** Read Notes on lighting contracts **
Layer 2 contracts for bitcoin are hard to reason about. Often times it comes down to writing contracts in code and then running simulations. However, simulations are expensive to write and it is even harder to cover all the corner cases.
Capture L2 protocols in TLA+ to helps us think about the the behaviours these contracts support, as well as explore corner cases without dealing with complicated programming language issues.
There are two simple goals of this repo:
- Provide basis to capture layer 2 contracts in TLA+.
- Exercise the communication protocols required to implement layer 2 contracts - this can have some dependencies on 1.
To develop the above two we start with lightning network. By using the above two to capture behaviours of LN contracts we can state the project's goals have been achieved.
Added helper functions to find unspent outputs. This came from the work on moving LNContracts to use the new BitcoinTransactions module.
After working on simple dual LN channels (without HTLCs), it became
clear how we can move the bitcoin transactions and bitcoin chain
details into a separate module. I started on it and there is now a
BitcoinTransactions.tla module where we can move the complications
of creating, broadcasting and spending bitcoin transactions of various
types. This change will allow us to focus only on the behaviour of
parties when creating LN transactions in Contracts.tla.

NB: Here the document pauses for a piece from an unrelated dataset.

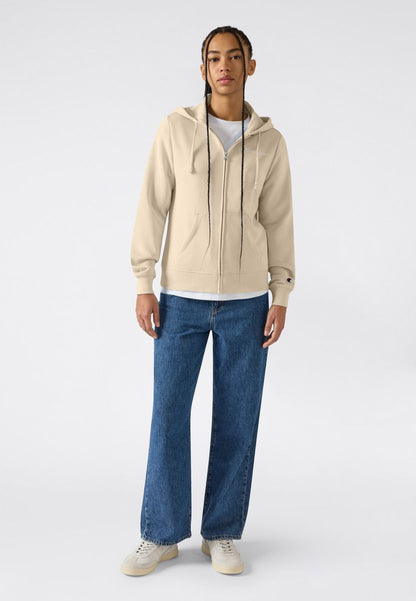Full Zip Hoodie Sweatshirt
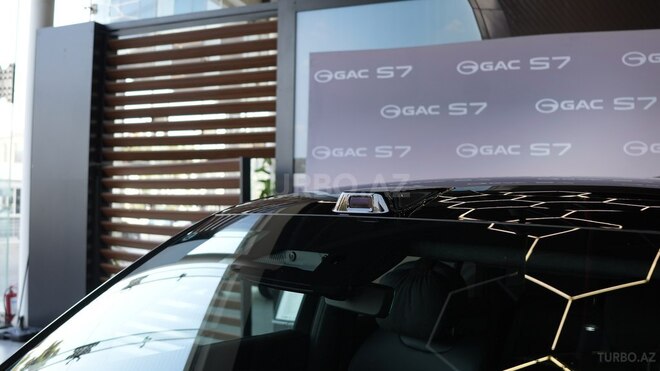 GAC S7-5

At the moment the BitcoinTransactions modules only has a simple transaction. I'll be adding multisig and htlc transaction types there. This way the LN contracts can extend that module and focus only on the LN contracts behaviours.
Added the initial commitment, superseding, offending and breach remedy transactions. Added liveness properties for breach remedy transactions. I am capturing notes on lightning contracts here.

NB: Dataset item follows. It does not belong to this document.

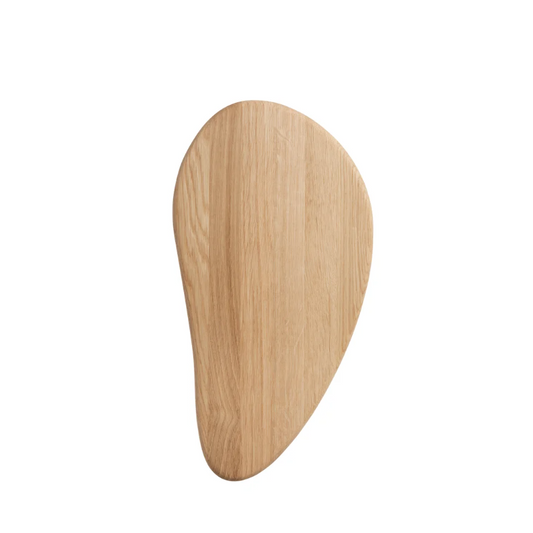 Oiled Oak serving board foodsafe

It will be nice to separate out bitcoin actions and variables in to a separate module.
Working on LN Contracts showed how we can move some of the Bitcoin related actions into a separate module. For example, the mempool, published, chain_height and Broadcast*Tx can move to a Bitcoin module.

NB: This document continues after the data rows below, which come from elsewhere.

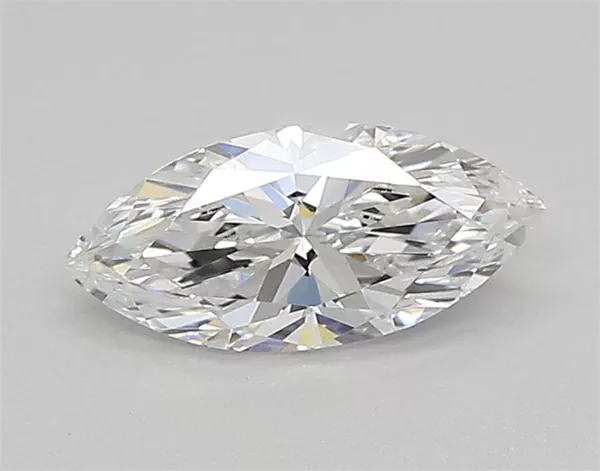0.58 Carat · D · VVS1 Rare Carat Ideal Cut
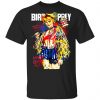 Harley Quinn Birds Of Prey Shirt, Hoodie, Tank 2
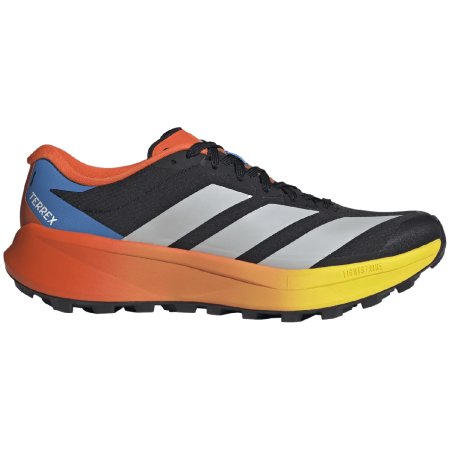 Chaussures de running hommes Adidas Terrex Agravic 4
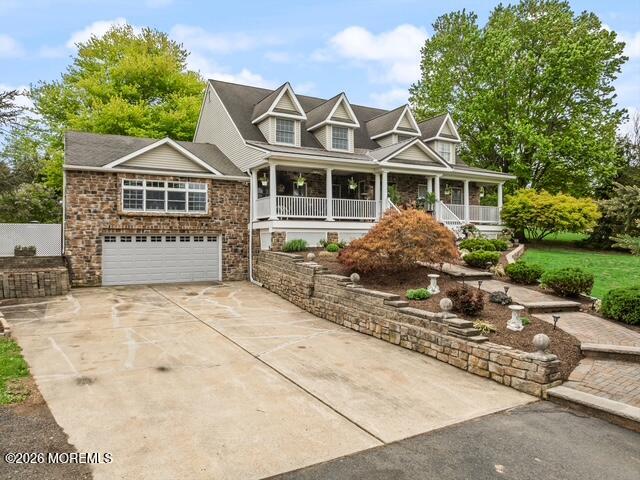 117 Burlington Path Road
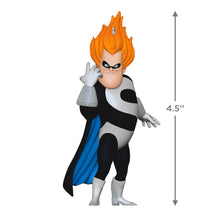 Load image into Gallery viewer, Hallmark Disney/Pixar The Incredibles 20th Anniversary Syndrome 2024 LTD Ornament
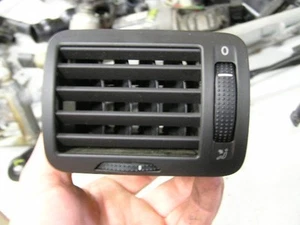 VW PASSAT 98-01 DRIVERS DASH VENT HEAT AC B5 1.8T V6 - Picture 1 of 1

We kind of knew it would make sense but working LN contracts makes things much cleaner in terms of what we want to model. For example, we don't need to model all the Script opcodes, instead, we allow modelling of how a tx can be spent. We can also incorporate sighash rules without actually implementing the nitty gritty of it all.
The first protocol I am interested in capturing is the HTLC forwarding protocol as specified in Bolt #2 section on forwarding HTLC
You can see the initial HTLC protocol in htlc.pdf. Note, the spec needs some changes to move the focus from HTLC to commitment transaction instead. I am parking this for the moment and switching to work on specifying L2 contracts - we need this to make the project a success.
This is a challenging goal, and the initial design captures the behaviour of a bitcoin transaction. So the spec is for a bitcoin transaction - that is the system we spec. The environment is made up of keys, signatures, UTXO set, chain height and spend conditions that can attached to transactions.
A transaction can thus be created and acted up by the various actors in the environment and the transaction can then move from state to state - specifying it's behaviour. L2 protocol authors will then write new spend conditions and be able to check if the transaction behaviour support the properties the want from the protocol.